CNS Canada — Soybean and corn futures at the Chicago Board of Trade have moved up over the week ended Wednesday, but remain stuck in sideways trading ranges overall as large crops find themselves countered by equally large demand.
“It’s a tug-of-war between the biggest supply ever, versus some of the strongest demand we’ve ever seen for this time of year,” said Sean Lusk, director of commercial hedging with Walsh Trading in Chicago.
While harvest results continue to beat the already record-large expectations, any dips in soybean prices have been short-lived as China comes forward to buy, said Lusk.
Traders covering short positions before options expire on Friday (Oct. 21) contributed to the recent strength in soybeans, he added, but after that attention they will return to the phenomenal yields.
The U.S. Department of Agriculture releases its next supply/demand estimates on Nov. 9, and industry participants are generally anticipating upward revisions to both the soybean and corn yield estimates.
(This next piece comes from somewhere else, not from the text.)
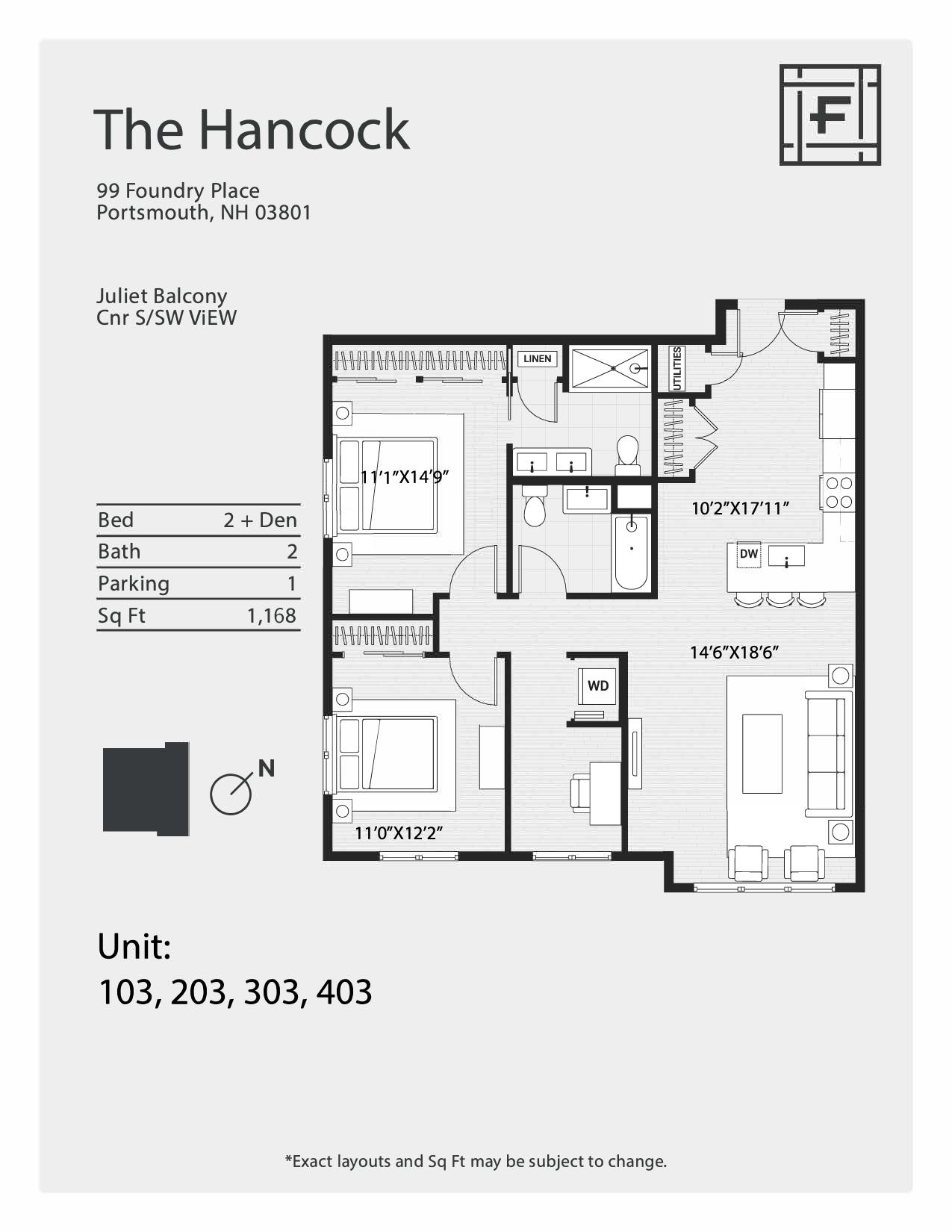99 Foundry Place, Unit 103 Portsmouth, NH 03801 - Photo 49 of 50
The question now is just how bearish USDA will be, added Lusk.
Depending on how large USDA’s yields adjustments are, Lusk said the corn carryout forecast could conceivably top 2.5 billion bushels and soybeans 500 million bushels. Both numbers would be bearish.
There are also question marks surrounding South America. In addition to the production prospects and potential weather issues, Lusk said Brazil may also need to import corn from the U.S. this year, due to problems with its second crop.
From a chart perspective, November soybeans find themselves between about $9.40 and $10 per bushel, with the range for December corn seen anywhere from $3.20 to $4 (all figures US$).
— Phil Franz-Warkentin writes for Commodity News Service Canada, a Winnipeg company specializing in grain and commodity market reporting.